Слушай, я, наверное, так не смогу жить. Трусом я себя никогда не считал, но так вот жить, чтобы ни минуты покоя не было, чтобы от собственной жены шарахаться, принявши ее за ведьму… А Вечеровский Глухова теперь в упор не видит. Значит, и меня не станет видеть. Все придется изменить. Все будет другое. Другие друзья, другая работа, другая жизнь… Семья, может быть, тоже другая… С тех пор все тянутся передо мной кривые, глухие окольные пути. Глухие. Глухов… И будет стыдно смотреть на себя по утрам в зеркало, когда бреешься. В зеркале будет очень маленький и очень тихий Малянов.

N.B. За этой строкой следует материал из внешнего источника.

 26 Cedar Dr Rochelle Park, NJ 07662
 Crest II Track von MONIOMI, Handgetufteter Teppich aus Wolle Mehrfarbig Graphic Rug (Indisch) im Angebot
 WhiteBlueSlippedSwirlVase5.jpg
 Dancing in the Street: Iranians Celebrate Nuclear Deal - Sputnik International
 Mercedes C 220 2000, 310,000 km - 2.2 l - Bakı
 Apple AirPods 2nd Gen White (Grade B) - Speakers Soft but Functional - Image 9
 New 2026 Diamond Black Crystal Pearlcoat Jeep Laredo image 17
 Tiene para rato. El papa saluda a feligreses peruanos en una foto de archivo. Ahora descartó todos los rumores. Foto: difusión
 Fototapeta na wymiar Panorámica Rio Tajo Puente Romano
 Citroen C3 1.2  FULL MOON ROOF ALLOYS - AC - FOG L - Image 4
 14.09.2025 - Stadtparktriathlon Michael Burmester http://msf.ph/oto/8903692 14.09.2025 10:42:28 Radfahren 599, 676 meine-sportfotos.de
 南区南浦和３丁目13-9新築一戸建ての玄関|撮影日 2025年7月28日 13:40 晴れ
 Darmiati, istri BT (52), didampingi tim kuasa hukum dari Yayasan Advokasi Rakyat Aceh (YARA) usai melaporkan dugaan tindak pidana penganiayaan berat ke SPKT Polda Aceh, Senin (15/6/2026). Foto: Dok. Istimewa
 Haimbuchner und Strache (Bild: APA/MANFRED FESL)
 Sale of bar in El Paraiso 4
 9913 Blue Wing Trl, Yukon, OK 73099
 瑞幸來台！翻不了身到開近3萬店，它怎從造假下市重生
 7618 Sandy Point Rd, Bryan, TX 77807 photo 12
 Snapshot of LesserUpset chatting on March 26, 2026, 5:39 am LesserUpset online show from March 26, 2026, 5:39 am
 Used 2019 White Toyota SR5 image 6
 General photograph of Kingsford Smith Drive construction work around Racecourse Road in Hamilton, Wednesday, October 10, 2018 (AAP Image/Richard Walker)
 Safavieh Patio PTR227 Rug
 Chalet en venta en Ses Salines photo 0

То есть, конечно, можно будет привыкнуть и к этому, ко всему на свете можно привыкнуть. И к любой утрате. Но какая это все-таки будет немаленькая утрата, если подумать. Ведь я десять лет шел к этому. Даже не десять — всю жизнь. С детства, со школьного кружка, с самодельных телескопов, с подсчетов чисел Вольфа по чьим-то наблюдениям… М-полости мои — я ведь о них, собственно, ничего не знаю: что там у меня могло бы получиться, что бы могло получиться из этого у тех, кто заинтересовался бы этим после меня, продолжил бы, развил, добавил свое и передал бы дальше, в следующий век… Наверное, что-то немаленькое могло бы получиться, что-то немаленькое я утрачиваю, если оно оказывается зародышем потрясений, против которых восстает сама Вселенная. Миллиард лет — большой срок. За миллиард лет из комочка слизи вырастает цивилизация…

Но ведь растопчут. Сначала жить не дадут, замордуют, сведут с ума, а если это не поможет — просто растопчут… Мать моя мамочка! Шесть часов. Солнце уже вовсю жарит.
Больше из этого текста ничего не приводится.